- Allows storage of objects (files) into buckets
- Must have globally unique name
- Naming convention
- No uppercase
- No underscores
- 3-63 characters
- Not an IP
- Must start with lowercase or number
- Max. object size is 5TB, if uploading more than 5GB must use multi-part upload
- Can version files, enabled at the bucket level
- Versioning protects against unintended deletes (can restore a version)

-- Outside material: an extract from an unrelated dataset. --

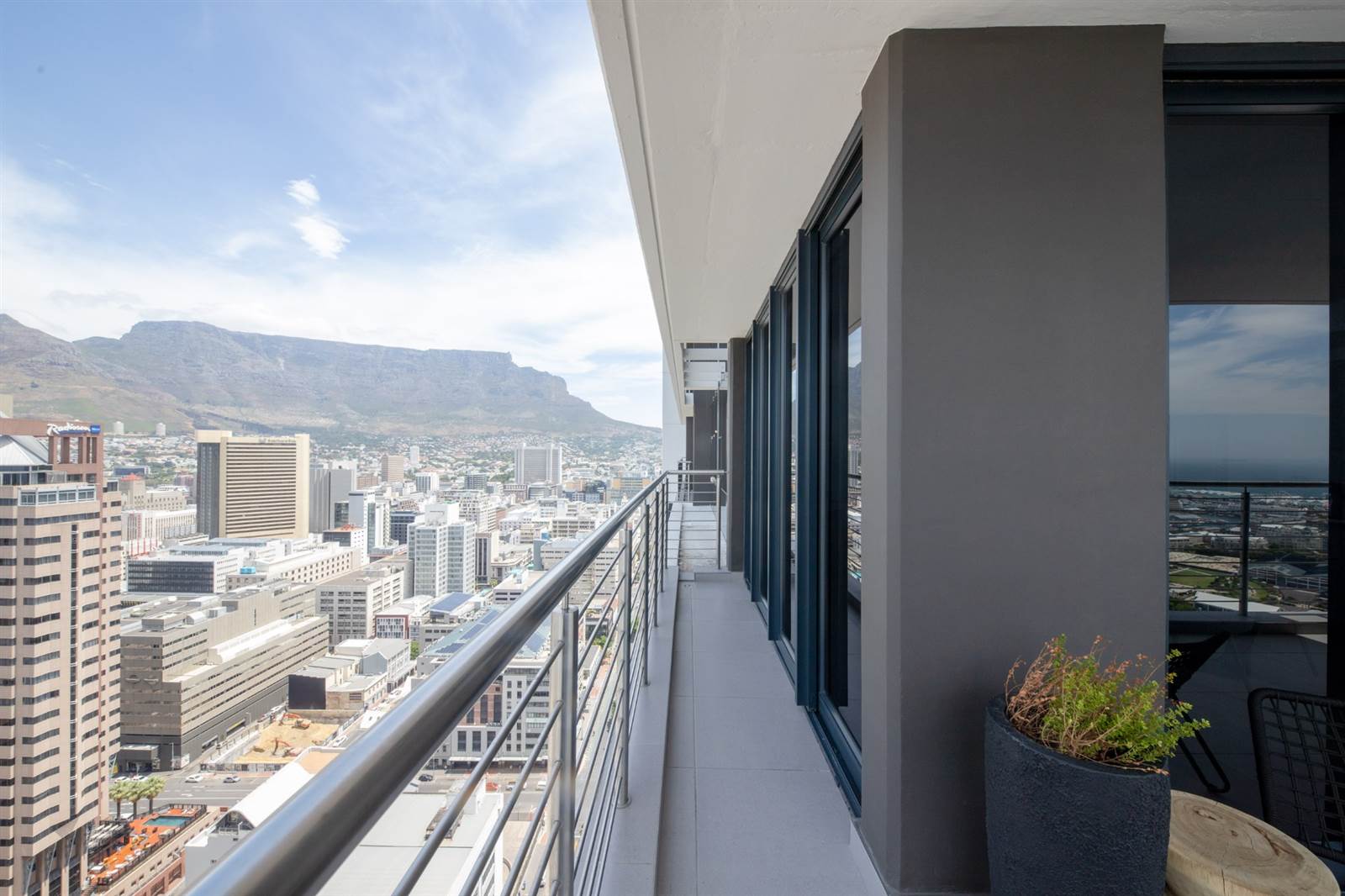 2 Bed Apartment in Cape Town City Centre photo number 24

- Easy rollback to previous version
S3 Object Encryption
- 4 ways to encrypt objects
SSE-S3
- Encryption using keys handled and managed by AWS
- Object encrypted server-side
- AES-256 encryption type
- Must set header
"x-amz-server-side-encryption": "AES-256"
SSE-KMS
- Encryption using keys handled and managed by AWS
- KMS advantages: user control and audit trail
- Encrypted server side
- Must set header
"x-amz-server-side-encryption": "aws:kms"
SSE-C
- Server side encryption using data keys fully managed by the customer outside of AWS
- S3 does not store encryption key
- HTTPS must be used
- Key must be provided in HTTP headers for every request made
Client-side encryption
- Client library such as the S3 encryption client
- Clients must encrypt data before sending
- Clients must decrypt data when retrieving
- Customer fully manages keys & encryption cycle
S3 encryption in transit
- S3 exposes both HTTP & HTTPS endpoints
- Can use either but HTTPS is recommended
- HTTPS mandatory for SSE-C
- Encryption in flight/transit also called SSL/TLS
- Most clients use HTTPS by default
S3 Object lock
- Store objects using write-once-read-many (WORM)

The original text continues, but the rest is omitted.